Feofan was offended by everything: ‘Rasputin assured us that he revered Simeon of Verkhoturye. However, when the service in the monastery began, he went off somewhere to town.’ Rasputin’s two-storey house grated on Feofan, too. How different it was from Feofan’s own dwelling, which he had turned into a monastic cell, and from his idea of what the house should be like of the person he only recently had held in such esteem.

We can imagine the arrangement of Rasputin’s house quite accurately using the inventory of his property made after his death. On the ground floor where he lived with his family, it was the usual arrangement of a peasant lodge. But, to make up for that, upstairs the once indigent peasant had attempted to arrange everything city fashion and thus suitable for the ‘little ladies’ and other guests from Petersburg. There he put Feofan, as well. And the monk took indignant note of the piano, and the gramophone that Rasputin so liked to dance to, and the claret-red plush armchairs, and the sofa and the desk. A chandelier was suspended from the ceiling, and placed around the room were several bentwood ‘Viennese’ chairs, then in fashion. And there were two wide beds with soft springy mattresses and a divan. Two weight-clocks in ebony cabinets chimed majestically, and there was a wall clock and another cabinet clock. The monk was particularly outraged by the ‘large soft carpet covering the entire floor’.

Rasputin also introduced Feofan to his followers — Arsyonov, Raspopov, and another Rasputin — ‘my brothers in the life of the spirit’. But, as the monk observed, ‘although they sang very harmoniously … they still made an unpleasant impression, generally speaking.’ Feofan, a mystic of broad
education who was well acquainted with heresies, sensed something dangerous in that singing.

Apparently he tried to talk about it with Makary.

‘The monk Makary … is, for me, a mystery. Much of what he says is incomprehensible, but from time to time he will say things that illuminate all life.’

But although capable of ‘illuminating all life’, Makary this time replied with ‘something incomprehensible’.

After thinking over all he had seen, Feofan concluded that Rasputin did not ‘occupy the highest level of spiritual life’. And on his return trip to Petersburg Feofan ‘stopped at the Sarov Monastery and asked God’s help in correctly answering the question of who and what Rasputin was. I returned to Petersburg convinced that Rasputin…was on a false path.’

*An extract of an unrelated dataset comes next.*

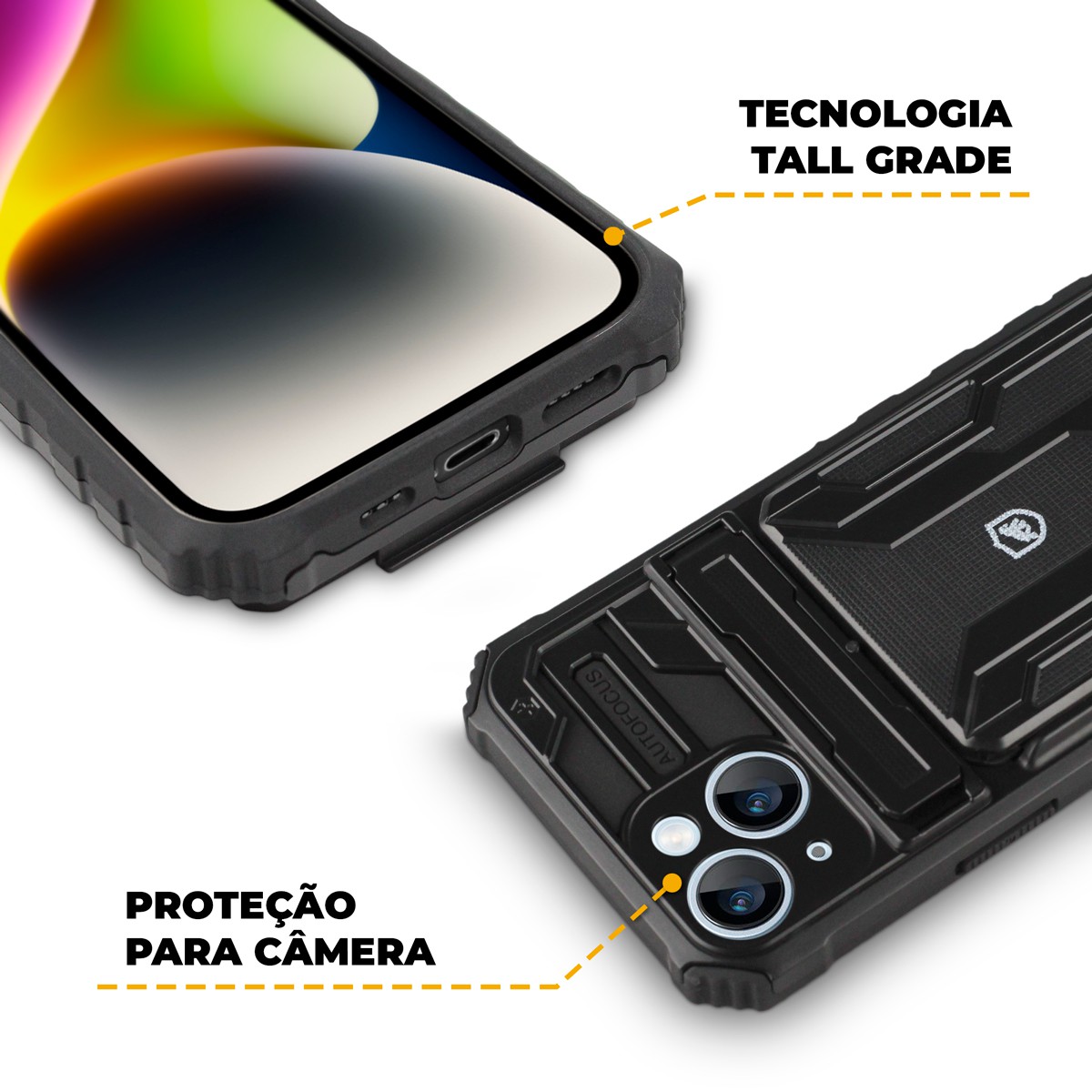 Capa para iPhone 14 - Snap Guardian - Gshield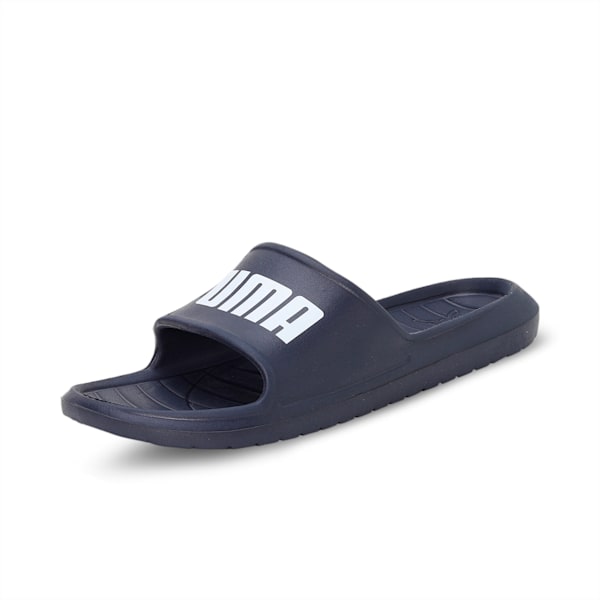 Divecat V2 Lite Unisex Slides, Peacoat-Puma White, extralarge-IND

On his return, he conferred with his friend the Archimandrite Benjamin about what he had seen on the trip. They then summoned Rasputin to the abbey.

‘When after that Rasputin came to see us, we, to his surprise, denounced him for his arrogant pride, for holding himself in higher regard than was seemly, and for being in a state of “spiritual temptation”.’

The Dangerous State Of ‘Spiritual Temptation’

This was a terrible charge.

I had a conversation at the Trinity-Saint Sergius Abbey with the monk Father Isaiah about the state of ‘spiritual temptation’. He told me: ‘A special spiritual loftiness is required to prophesy and heal. When it is lacking, the gift becomes a dangerous one, and the person becomes a sorcerer and falls into the state of “spiritual temptation”. He is now tempted by the devil, and it is by the power of the Antichrist that he performs his miracles.’

‘Arrogant pride’, ‘holding himself in higher regard than was seemly’, and ‘spiritual temptation’ — Feofan and Benjamin were, oddly enough, repeating everything that Militsa had once warned Rasputin about! It was the voice of the ‘black woman’ that was in Feofan and Benjamin’s arguments.